THIS painter, although he is one of the more distinguished members of the Royal Academy, differs from many of his fellows in owing none of his technical training to that institution, which, although the public takes small notice of the circumstance, devotes the larger portion of its means to the gratuitous education of artists, and is even more energetic as a teaching than as an exhibiting body. Mr. Yeames is, so far as his native country is concerned, a pupil of the late Mr. J. S. Westmacott and the present Director of the National Portrait Gallery. Passing from the hands of these advisers, having, during a brief sojourn in this island, not obtained admittance to the schools at Trafalgar Square, he went to Italy and entered the Academy at Florence, where he remained two years under the charge of Professor Pollastrini and of Raffaelle Buonajuti, while his great natural powers ripened, so that he was soon on the way to distinction.
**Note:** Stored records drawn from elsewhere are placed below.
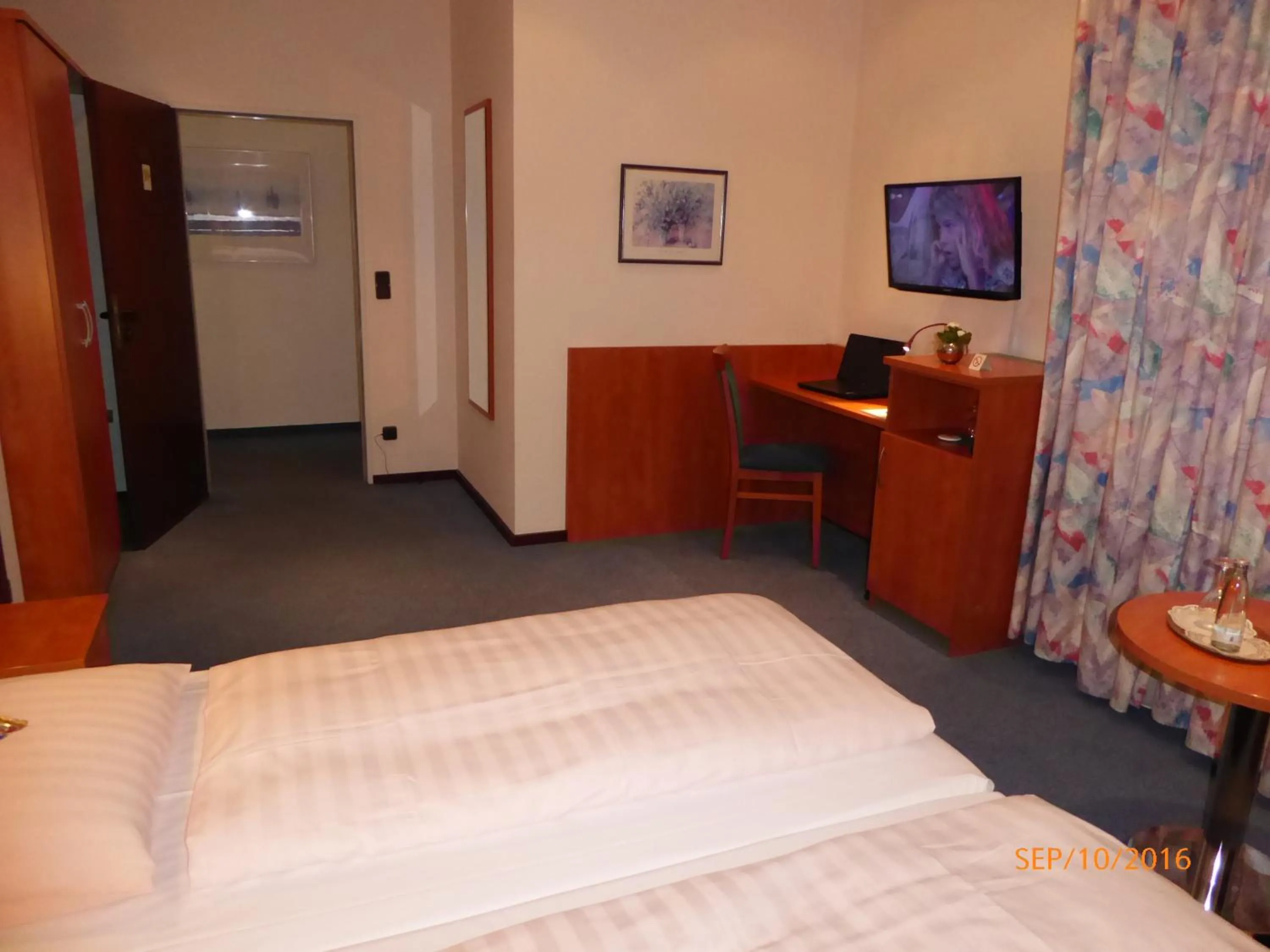 Photo of the whole room, Bed in Astoria Hotel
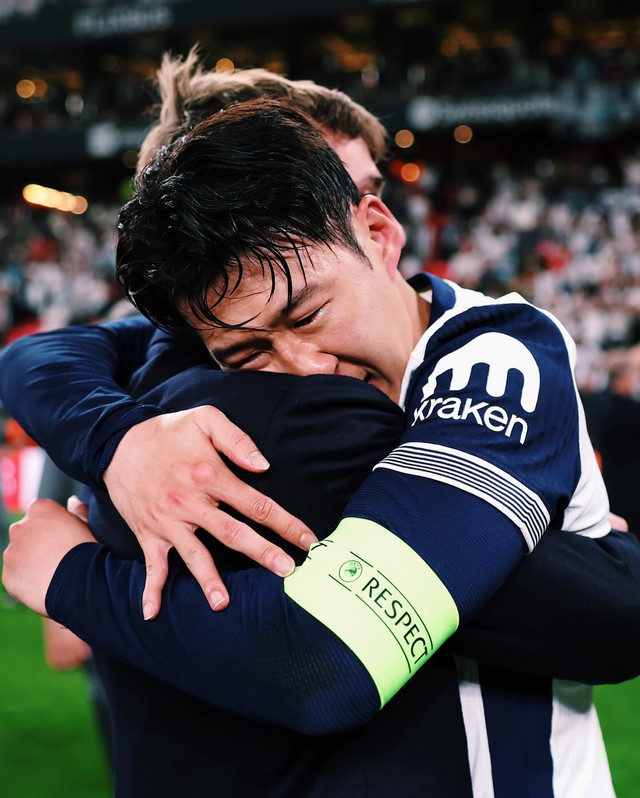Son Heung-min khóc nức nở ngày vô địch Europa League, lùm xùm đời tư bị "đánh bay" chỉ sau 1 chiếc cúp- Ảnh 1.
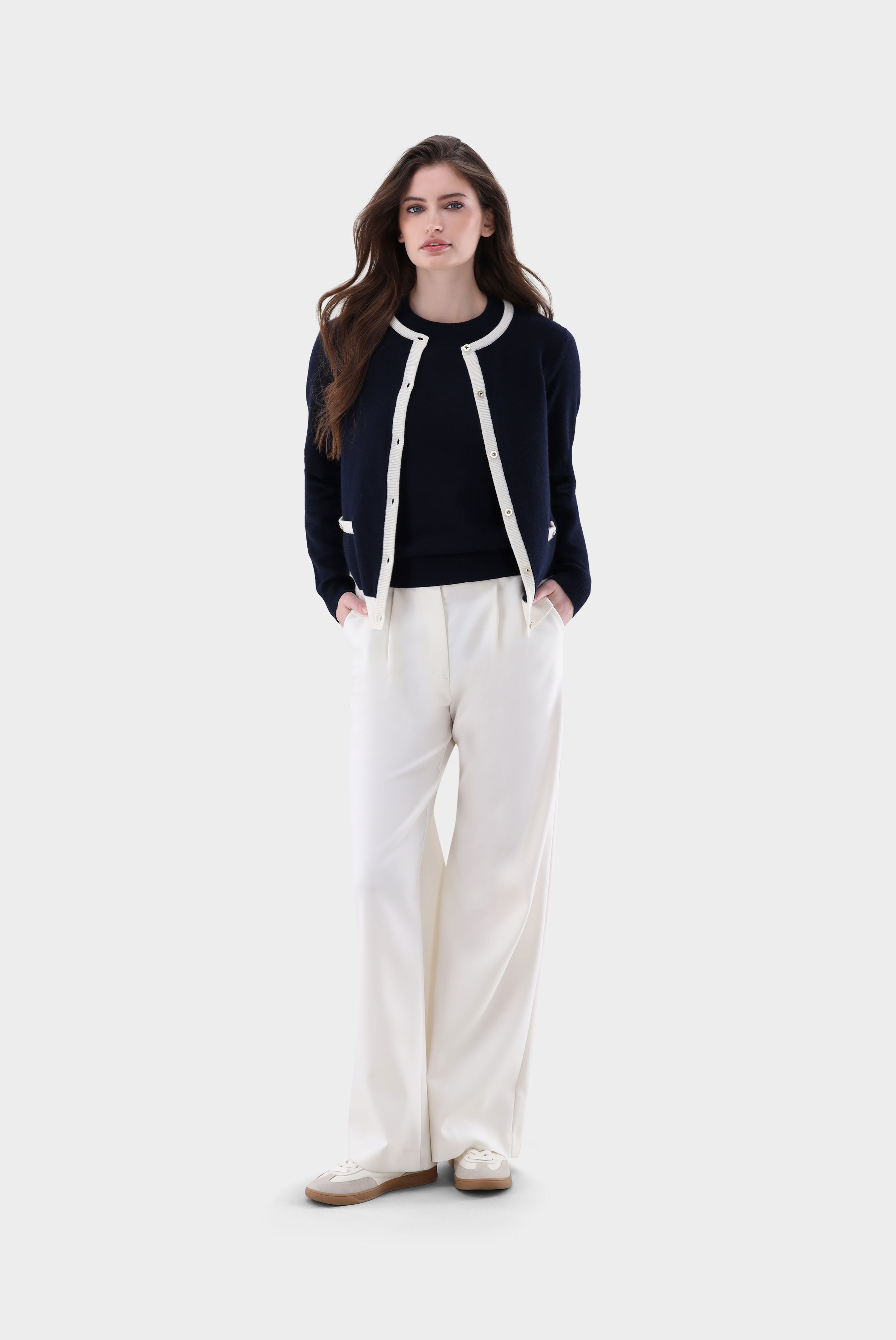 Strickjacke aus Kaschmir mit Kontrasten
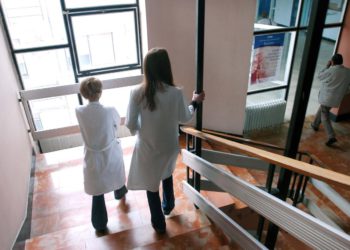 Slobodna Dalmacija – Nesuđeni stažisti bijesni na splitsku bolnicu; ‘poštari’ su otpali, a primljeni oni koji su odavno završili fakultete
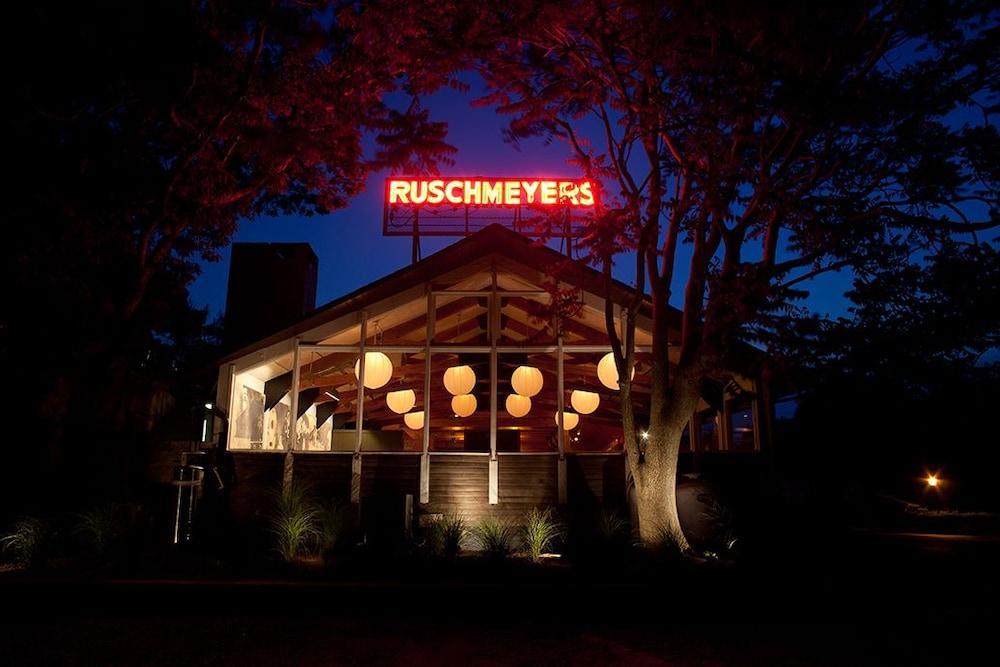 Ruschmeyer's Hotel
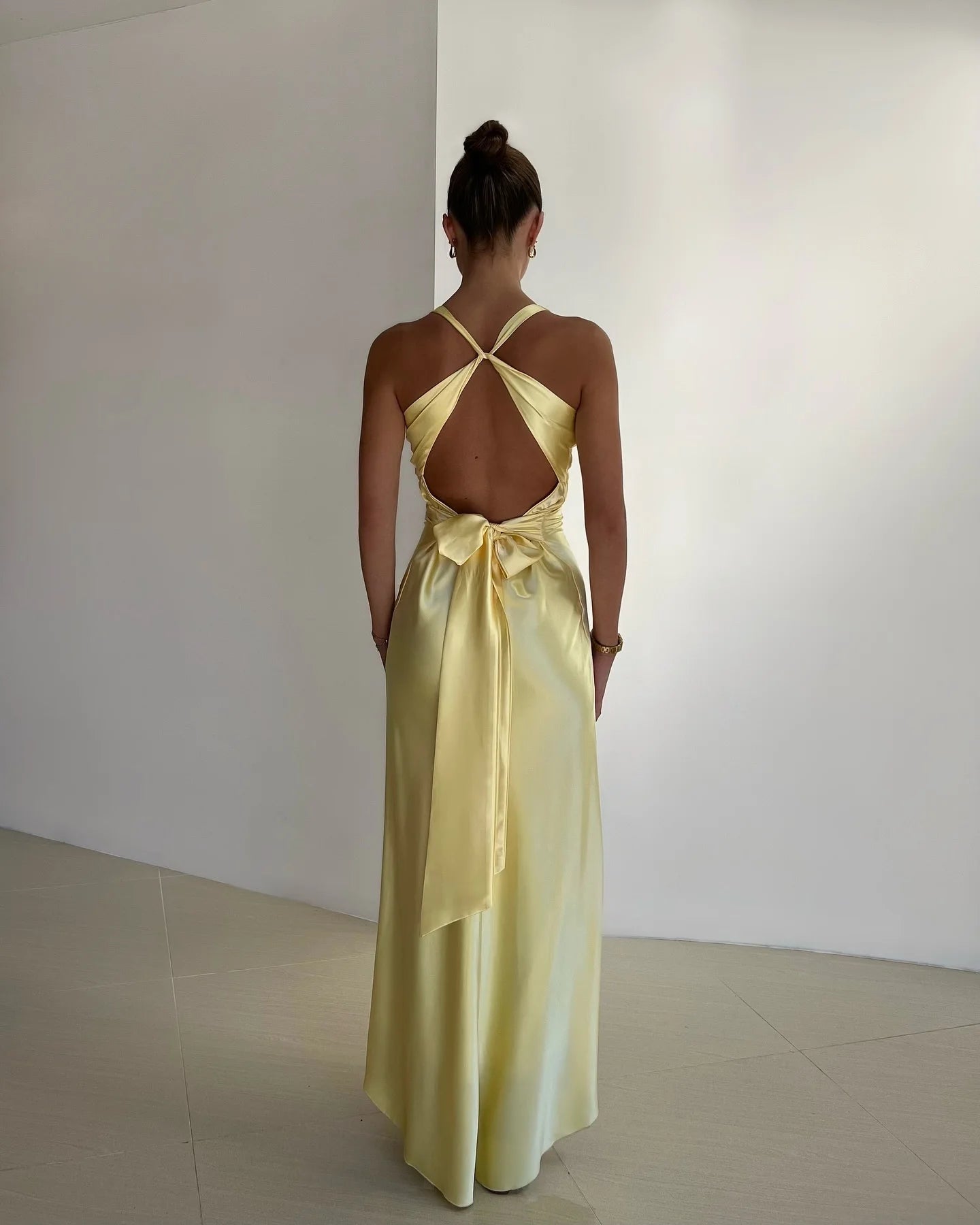 Robe Jaune Dos nu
Returning to the outset of his career, let me say that Mr. Yeames was born in December, 1835, at Taganrog, where his father, a man of culture and warm artistic sympathies, was British Consul. The family, in which the painter is the fourth son, belongs to Norfolk, and, as Mr. Fenn, to whose biography of his friend I am indebted for a few details of this sketch, states, both his parents zealously promoted the early declared artistic inclinations of their son. The student was not more than seven years old when his father took the whole family to Rome, on purpose, it is said, that they might become familiar with the treasures of the metropolis of bygone design. Between 1843 and 1848, a sojourn at Dresden favoured the general education of my subject. Removed to England, he, while a pupil of Messrs. Westmacott and Scharf, attended the anatomical classes at University College, London. After this he returned to Italy, and prosecuted his studies in Florence and Rome until 1858, when he settled in London, where he had determined to bring to fruit the labours of his youth. The effects of these Italian studies are always observable in his works.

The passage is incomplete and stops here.